Closed thusithathilina closed 6 years ago
Are you saying let training from the previous fold cross into the current fold?
Yes, my understanding is that. Otherwise aren't we having more than one model? (One model for each fold) I think that is a kind of ensemble model. Maybe I'm wrong 👯♂️
Cross validation is more of a error estimation technique than actually generating a model. The idea is that cross validation will tell me how accurate a model will be on new data that I've never seen. So in a 5-fold, you train 5 individual models and then have predictions on the entire data set, which allows you to calculate the error over the entire dataset. This will be a much more accurate estimation of your overall error than a simple training/validation split.

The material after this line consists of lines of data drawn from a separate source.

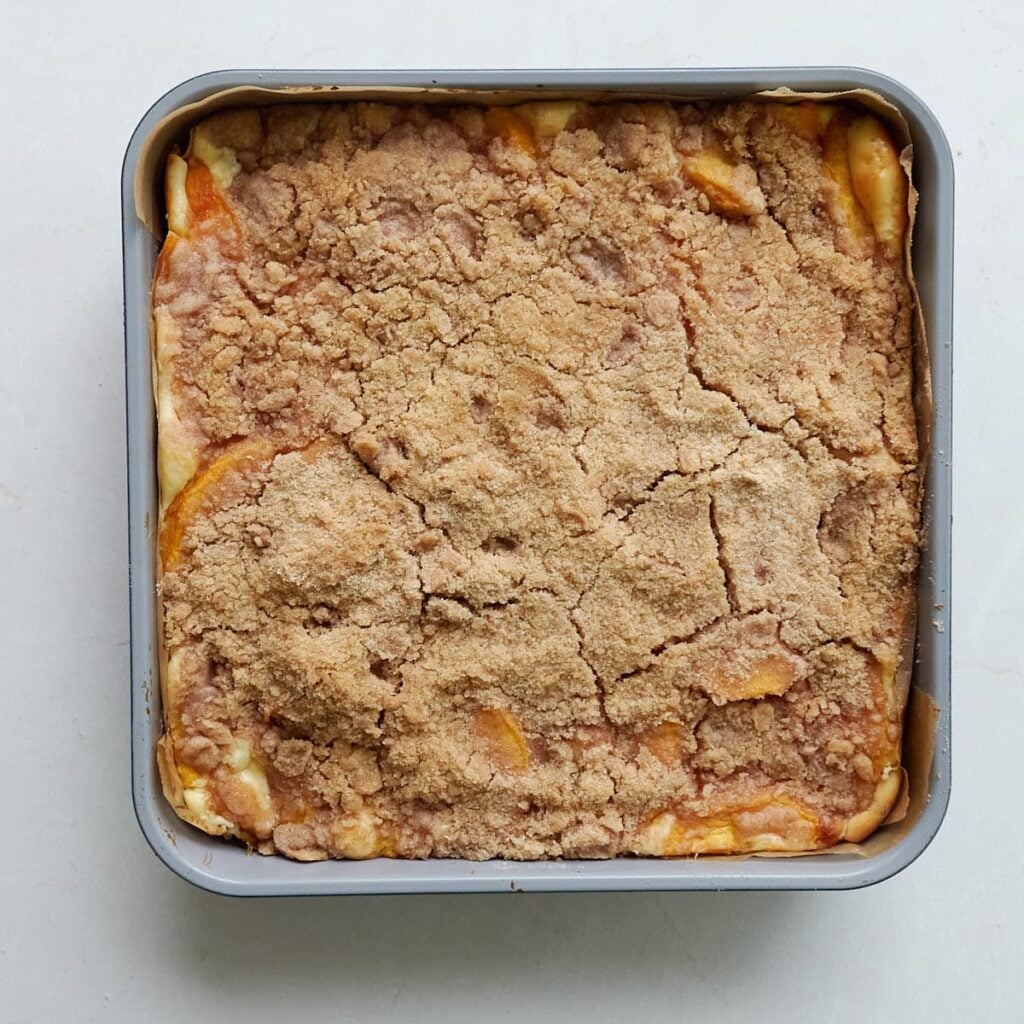Freshly baked Sourdough Peach Crumble Cheesecake Bars in a parchment paper lined 9x9 baking pan.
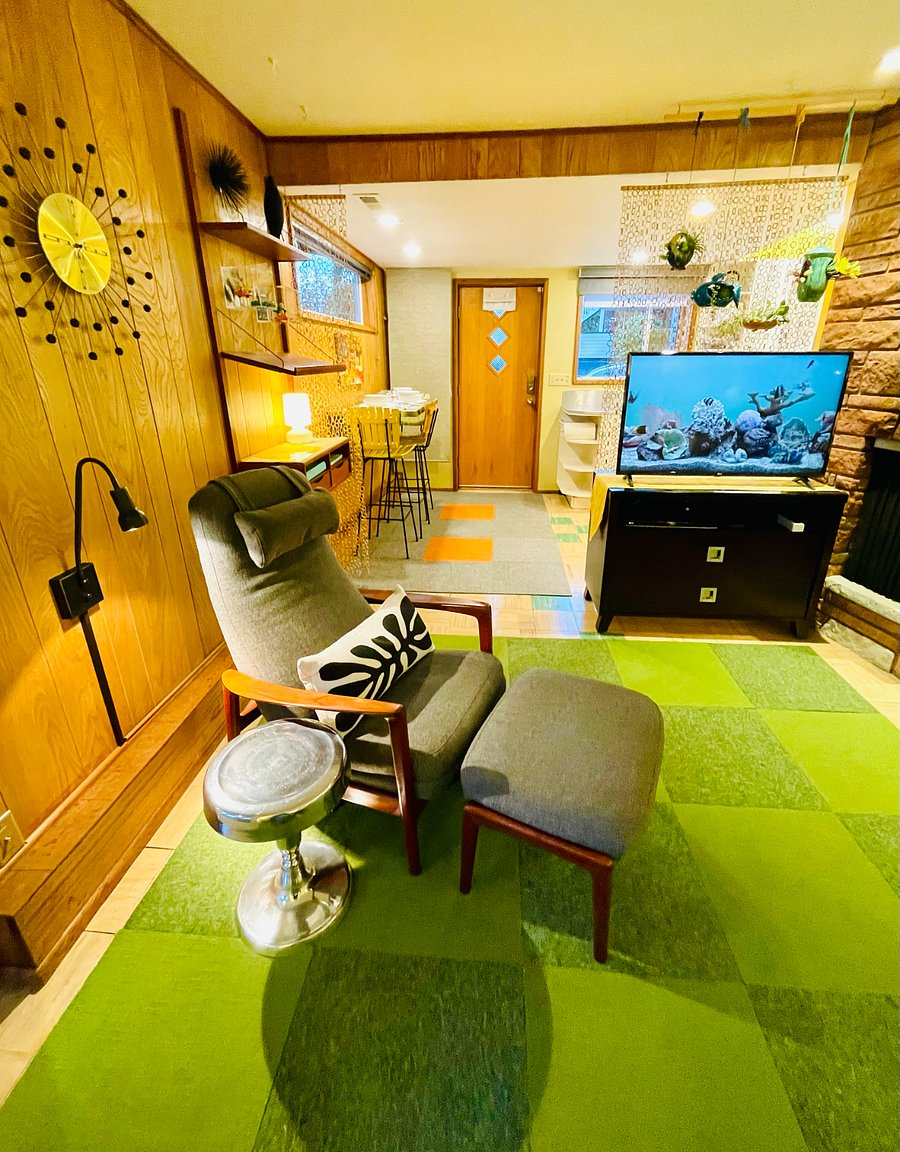 View of front door to kitchen/dining from seating area.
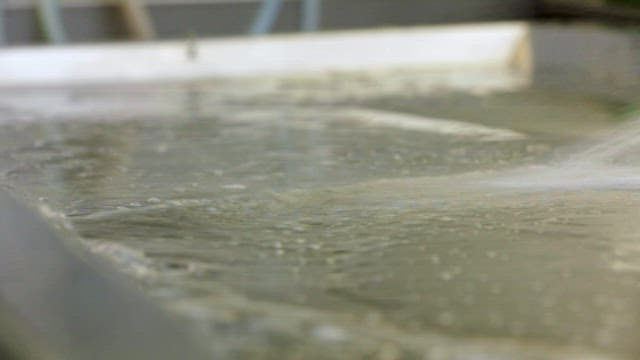 Stainless steel autopsy table being washed in water
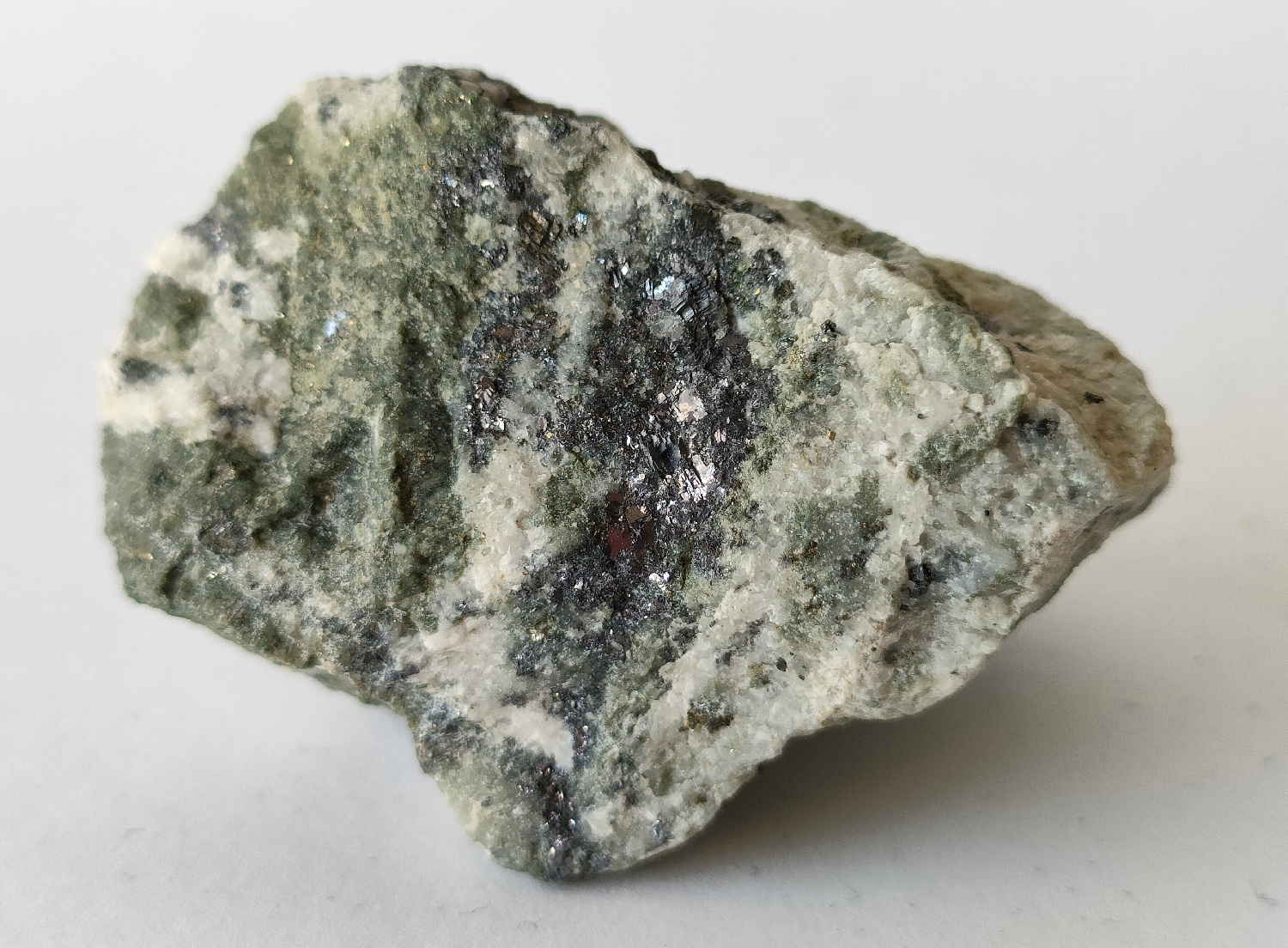 Silvery grey galena crystals with quartz, showing the bright mirror-like metallic luster of a sulfide ore mineral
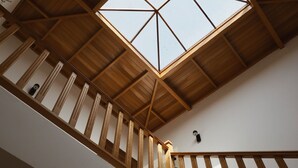 A wooden staircase with a skylight. - Casa Moci (Playa Blanca)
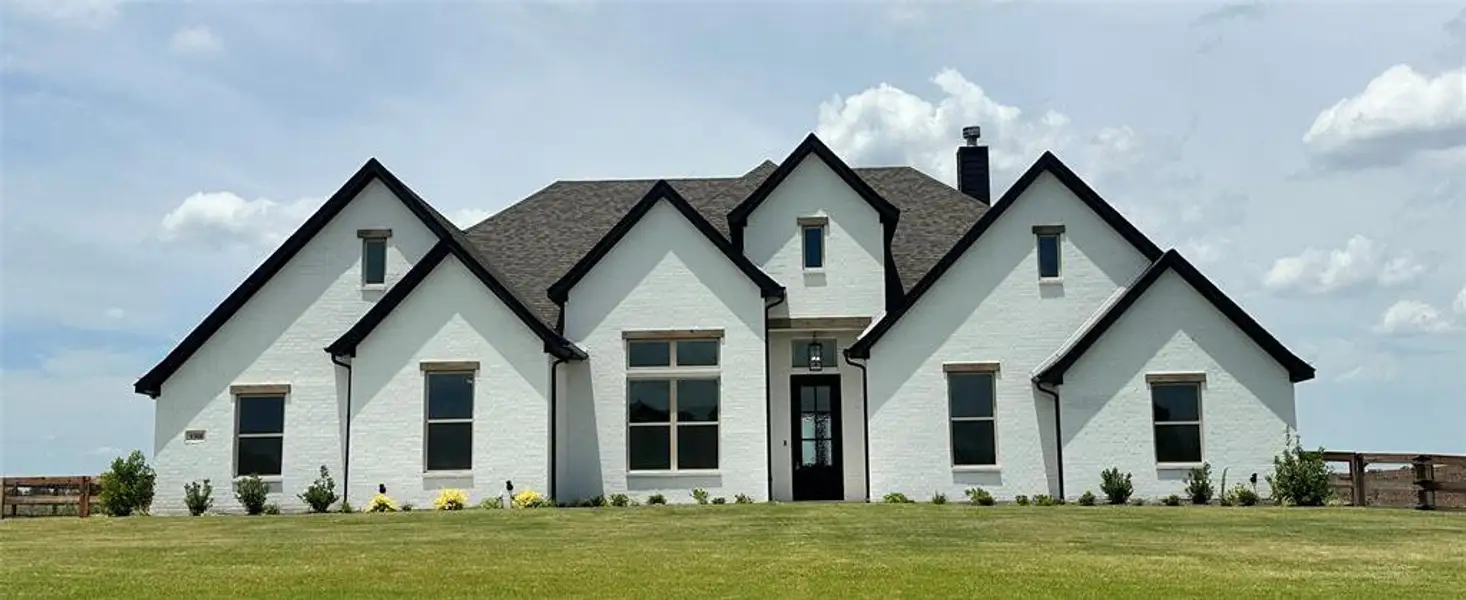 Front exterior of a new home in , Decatur, TX, highlighting curb appeal (Image 16). Front exterior of a new home in , Decatur, TX, highlighting curb appeal (Image 16).
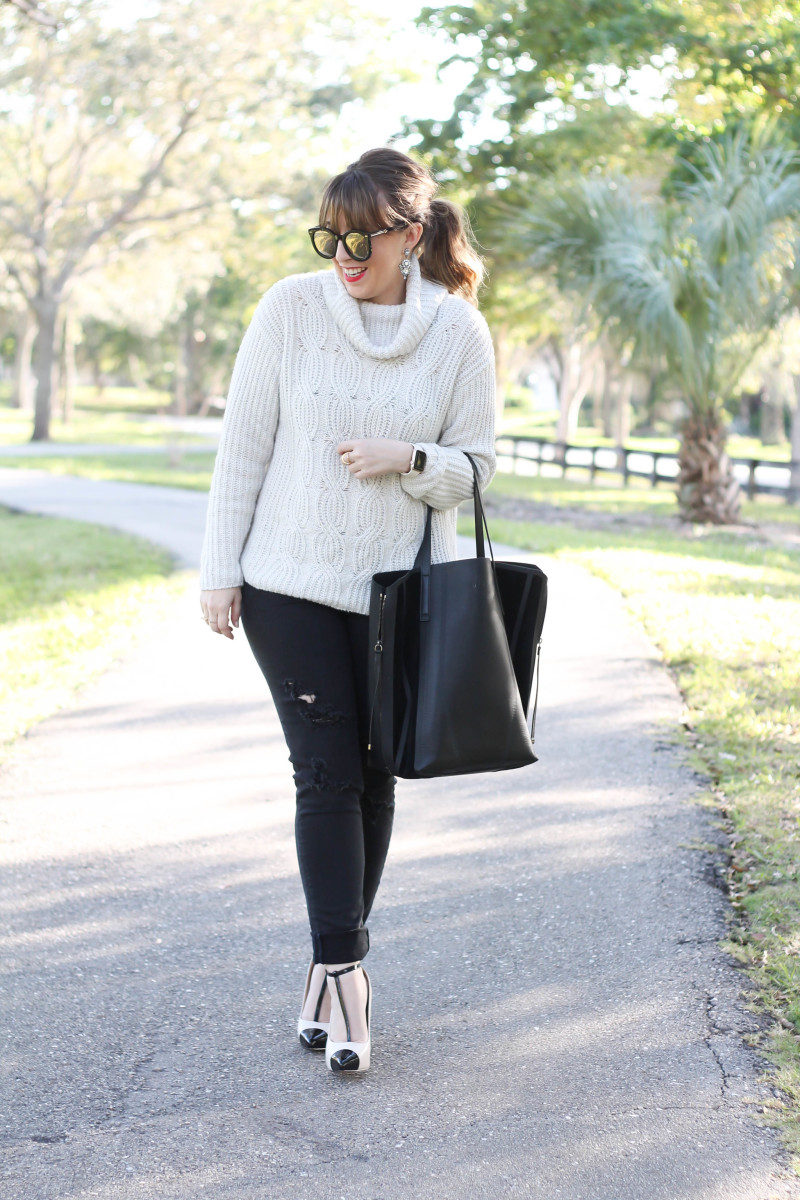 Turtleneck sweater, distressed black jeans, cap toe pumps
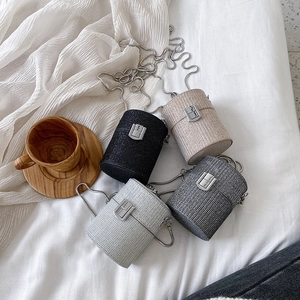Mini cylinder bags in black, silver, and champagne with glitter texture and chain straps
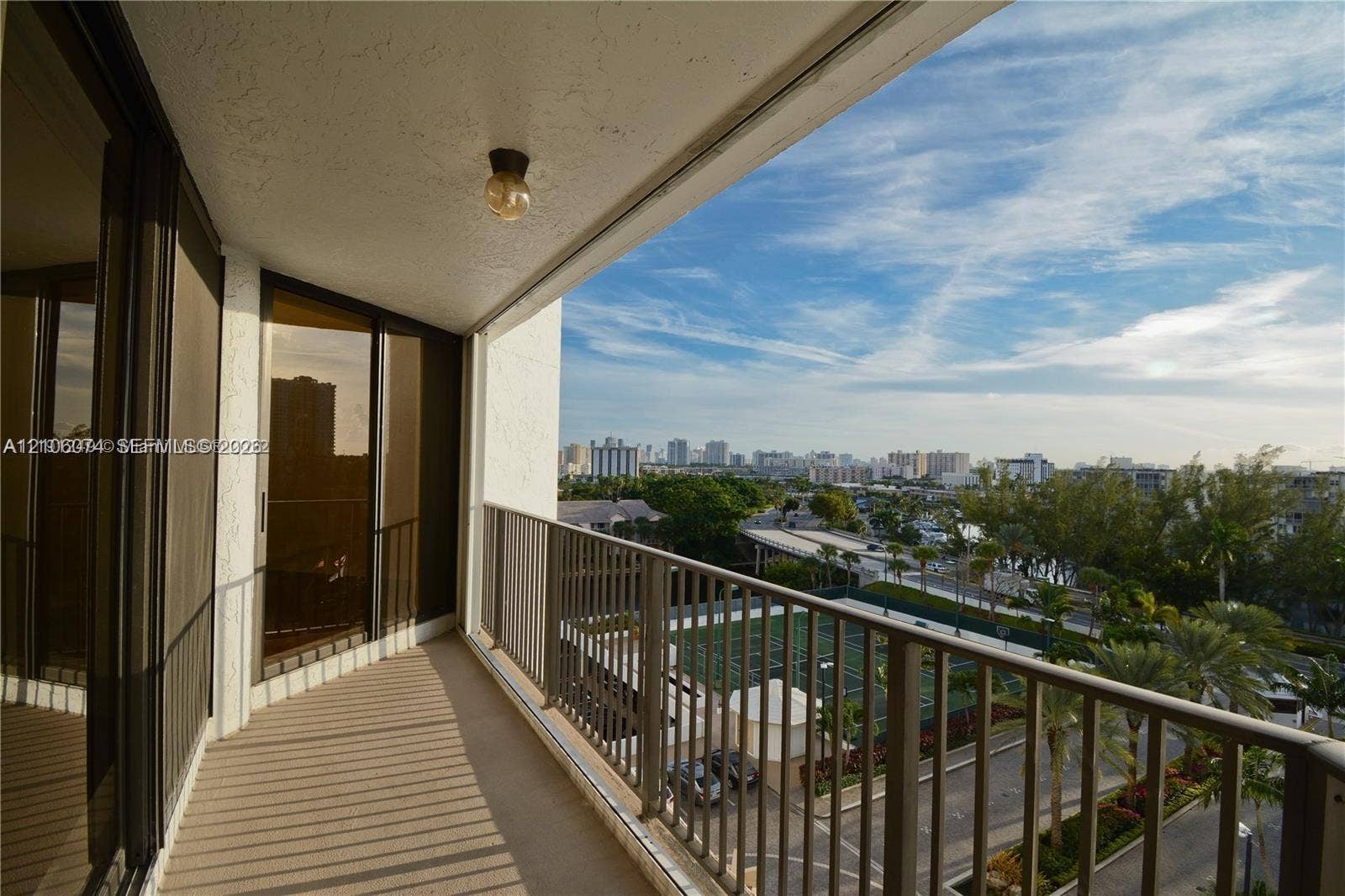 300 Three Islands Boulevard, #308, Hallandale Beach, Hallandale Beach, FL 33009 Covered balcony featuring metal railings, neutral textured flooring, ceiling-mounted lighting, and floor-to-ceiling glass sliding doors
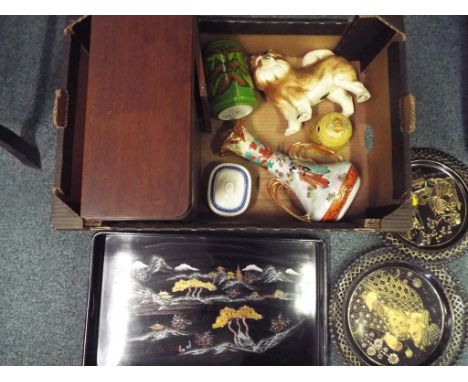 A good mixed lot to include a small wooden cabinet, a tray with oriental decoration, 2 pierced metal pieces of wall art, a li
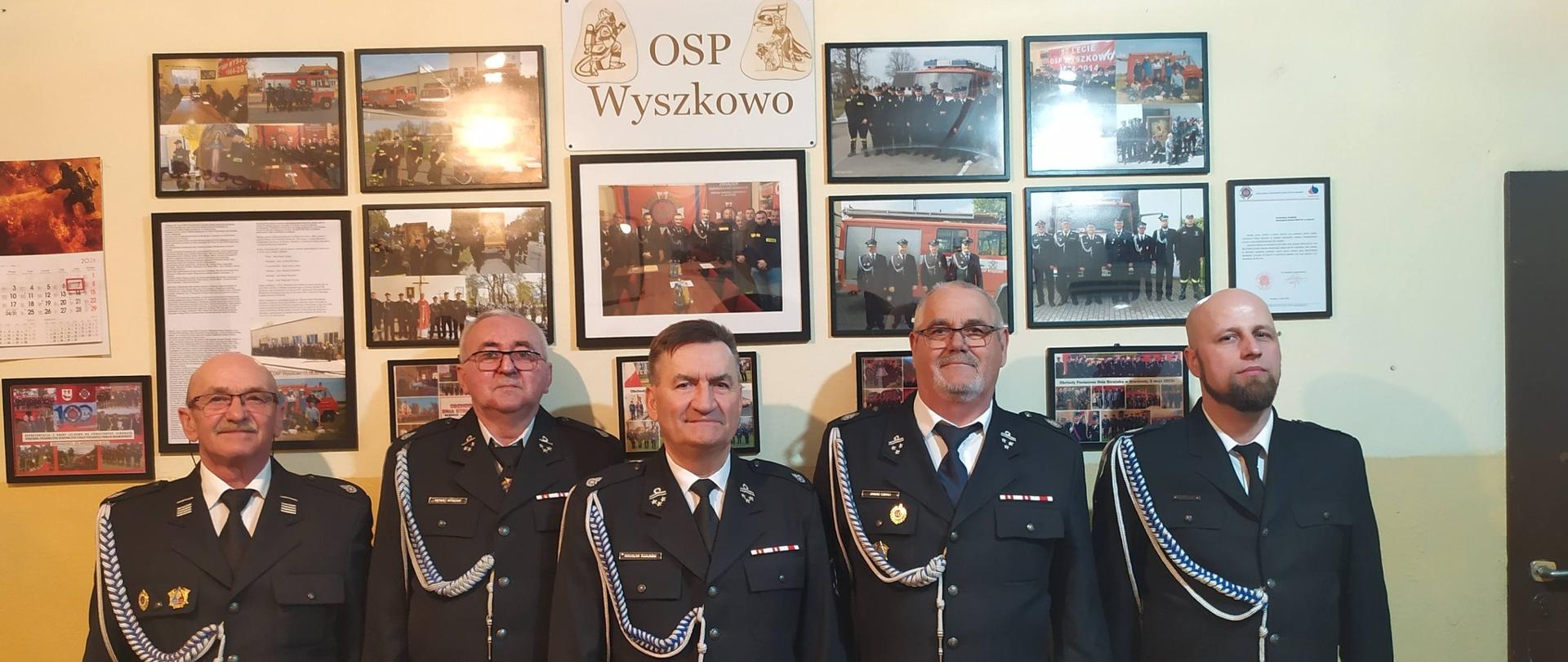 Na zdjęciu pięciu strażaków ochotników w mundurach galowych. W tle ścianka z pamiątkowymi zdjęciami życia jednostki.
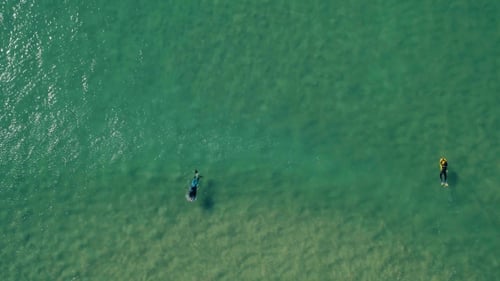 Aerial View of Surfers Riding Green Ocean Waves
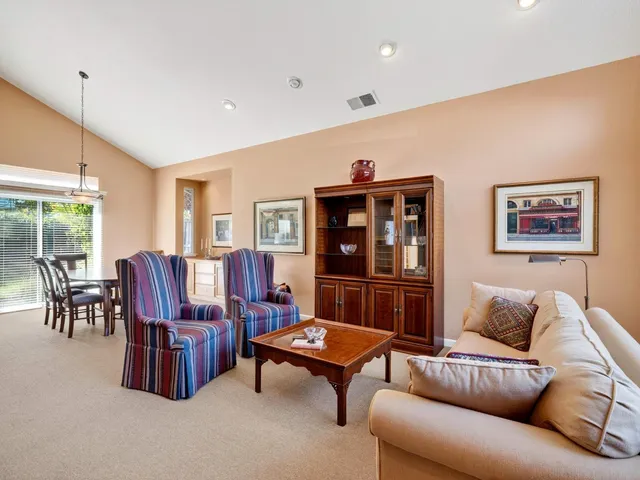 a living room with furniture a rug and a large window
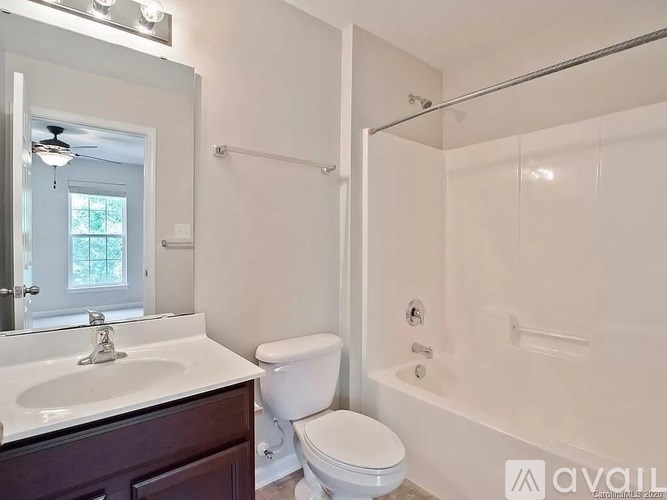 A bathroom with a toilet, sink, and bathtub.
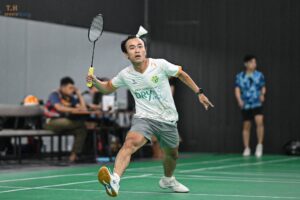 Male badminton player in a white jersey lunges forward on a green indoor court, swinging his racket mid-air as a shuttlecock approaches above him. Background includes blurred spectators and a dark wall.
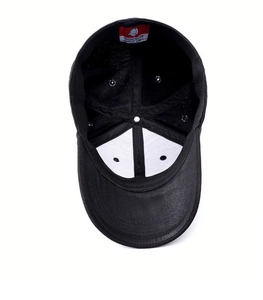 Detail view of the black baseball cap showing the breathable mesh and 100% polyester tag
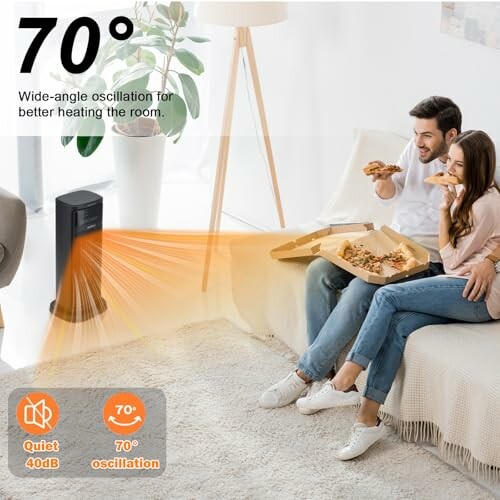 Couple eating pizza on a couch with a space heater in the room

Now to bring it back to an individual model, what I will often do is use the cross validation to also determine the number of steps before the neural network begins to overfit. Use the validation from each fold for early stopping, track how many steps that took. Then average the number of steps for all folds and retrain the network on the entire training set for that number of folds. No early stopping.
If you kept the same neural network for each of the folds, you would be building on the training from each of the previous folds. You would no longer have a separation of training and validation data and your validation results would be artificially good.
IMHO model shouldn't create inside the cross-validation loop. Because we should you use the same model, instead of a different model for each fold. This PR will fix that.